Using the magnetron had the other disadvantages noted above, that is, frequency drift and the lack of a seed signal that could be sent into the LC tank of the heterodyne. Moreover, existing tube-based rectifiers used in the detector stage simply didn' work at those frequencies. Less important but still annoying was there was no RF switch that operated at those frequencies so you had to use separate antennas for transmit and receive. These are serious problems, but the UK attacked them one by one until they had them all. Frequency drift was an issue in the UK magnetrons as well, but much less of one because it was built out of a single block of metal that was then water or air cooled so the expansion and warping wasn't as much of a problem. The second was addressed by the introduction of the reflex klystron, which tapped off the output of the magnetron, modified it by a fixed amount, and fed that into the heterodyne. A modification of this same system solved the problem of a suitable RF switch. A tube-based detector never emerged, but in its place, the UK developed semiconductor diodes that solved this problem.
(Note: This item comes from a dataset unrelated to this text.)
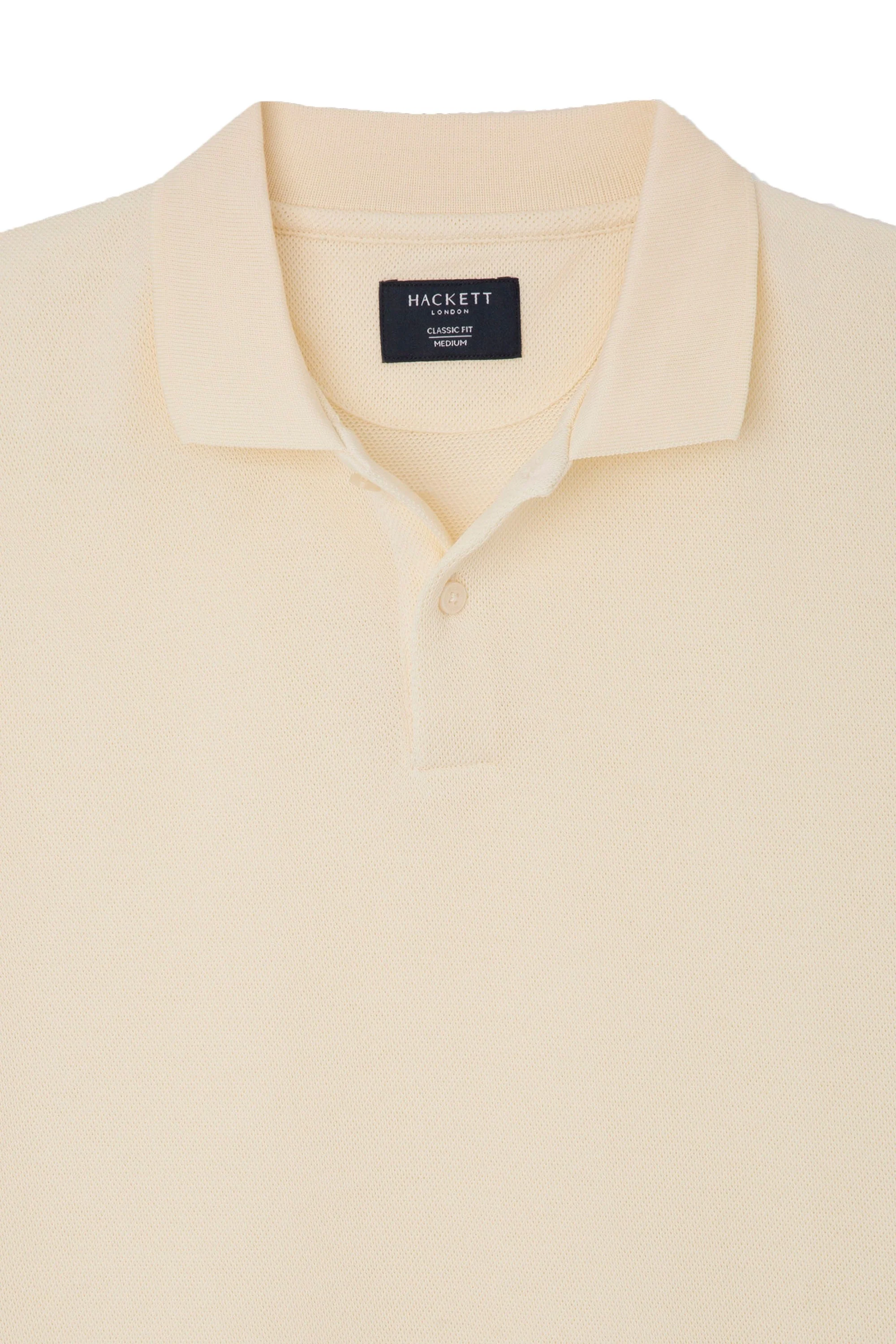 Hackett Stop Start Knit Polo Shirt Canvas White - Image 2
By 1941 the UK had complete working microwave radar systems. This led to the introduction of the H2S, and the great debates over its use. It was captured almost immediately, on 3 February 1943, but the Germans were unable to get a similar set into action. The only one that got remotely close was the Berlin units, and they wouldn't have been available in any reasonable form until 1946. The magnetron itself was easy enough to build, Randal and Boot did it in a disused lab after all, but other parts remained huge problems. They had no semiconductor industry and two years later their crystals still didn't work for more than minutes on average, they never managed to get a working reflex klystron, and it took a full year before they even figured out how the reflex klystron switch even worked.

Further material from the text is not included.